Maar er is nog veel meer heerlijks. Boomgaardje met schapen:

Kassen en teelt in de volle grond...


...en als meest recente aanwinst een halve hectare wijngaard, voor de aspergewijn. Ommuurd door een zwaar antieke slangenmuur, beroemd om zijn beschutte micro-klimaat. In de 17e eeuw gebouwd om de Gooise en Amsterdamse notabelen perziken en abrikozen voor te kunnen zetten. Ook ananas schijnt in de Gouden Eeuw op deze tuin gekweekt te zijn. Hier een stukje slangenmuur:


Op deze beschutte tuin achttienhonderd Solarisplanten, die dit jaar hun vijfde jaar ingaan. Hoe staan ze er bij? Zijn de koppen inmiddels volwassen genoeg om elk jaar voldoende nieuwe scheuten te geven? De tuin is zoveel mogelijk aangesnoeid met dubbele strekkers dit jaar, om ook bij een gedeeltelijke misbloei voldoende oogst over te houden. Zie foto links. 

 







De koppen komen wel goed (foto rechts). Een probleem dat dit jaar een beetje speelt is een vertraagde uitloop in het midden van een aantal strekkers. Een paar ogen per strekker lopen dan niet uit, of blijven achter. In Arnhem kennen we het verschijnsel ook.

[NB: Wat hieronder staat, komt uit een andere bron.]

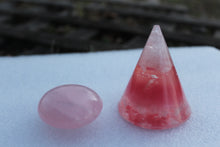 Load image into Gallery viewer, Rose Quartz LOVE  Pyramid Cone Orgonite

Maar goed, met zoveel extra, dubbele strekkers is dit euvel wel op te vangen. We zitten wat meer in zorg over het koude en natte seizoen tot nu toe. Maar dat geldt voor het hele land. De groei is traag, en als volgende maand de bloei in beeld moet komen zal het echt beter druivenweer moeten worden, om geen herhaling van het slechte druivenjaar van vorig jaar te krijgen.

We hebben nog een paar weken om de weergoden te vermurwen. 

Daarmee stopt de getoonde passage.